CI/CD Architecture Improvement: Terraform Kubernetes Provider resources should be managed with separate apply operations
As outlined in the official Terraform documentation:
The most reliable way to configure the Kubernetes provider is to ensure that the cluster itself and the Kubernetes provider resources can be managed with separate apply operations. Data-sources can be used to convey values between the two stages as needed.
(source: https://registry.terraform.io/providers/hashicorp/kubernetes/latest/docs)

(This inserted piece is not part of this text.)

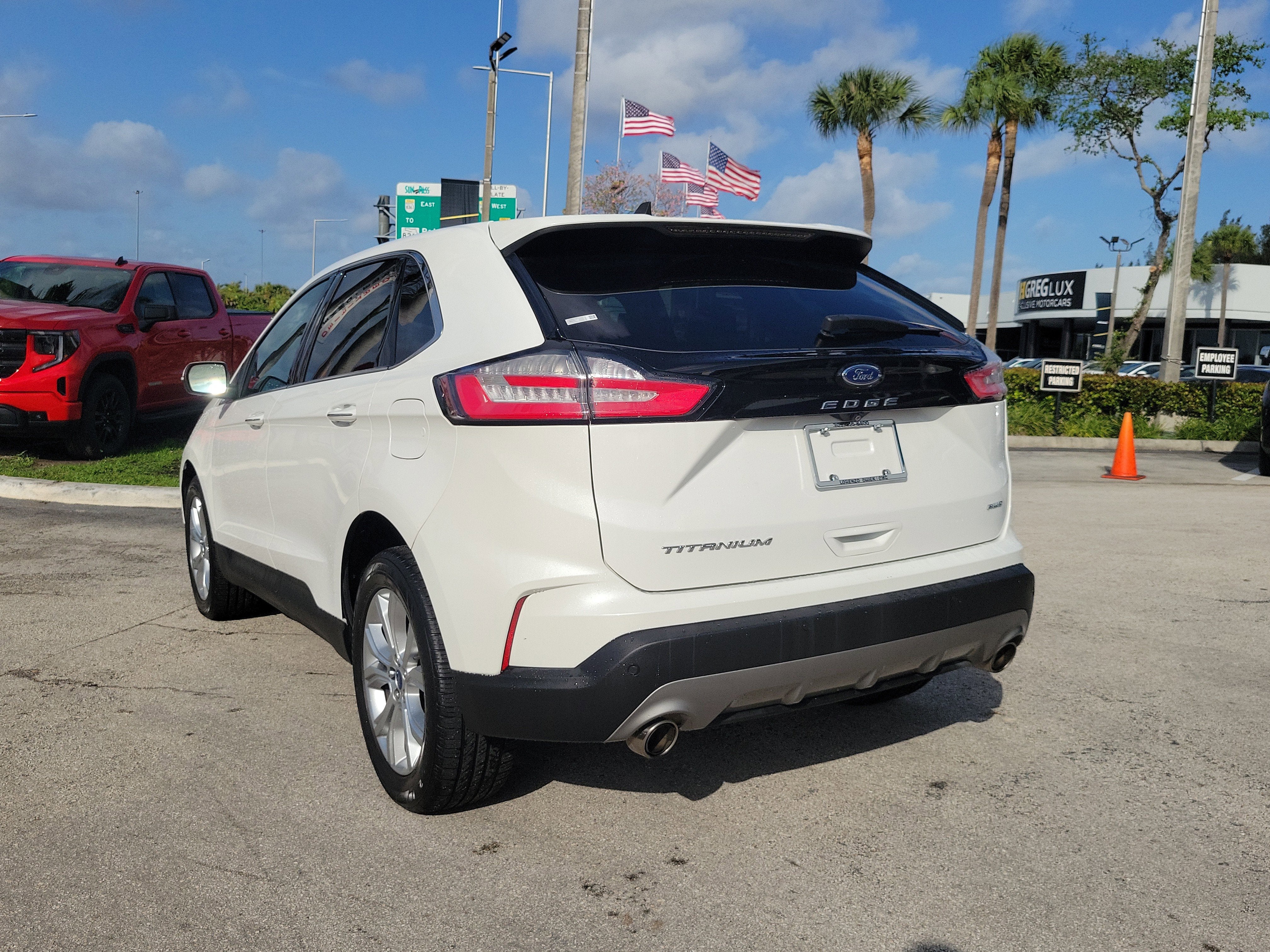 2022 Ford Edge Titanium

There should be two separate Azure DevOps Pipelines:
- one for Kubernetes (AKS) Cluster creation
- one for deploying Kubernetes provider resources (namespaces, helm charts, etc..) on top of already existing AKS
Today there is only one ADO Pipeline triggering terraform apply step that creates AKS cluster and Kubernetes provider resources as a single Terraform action.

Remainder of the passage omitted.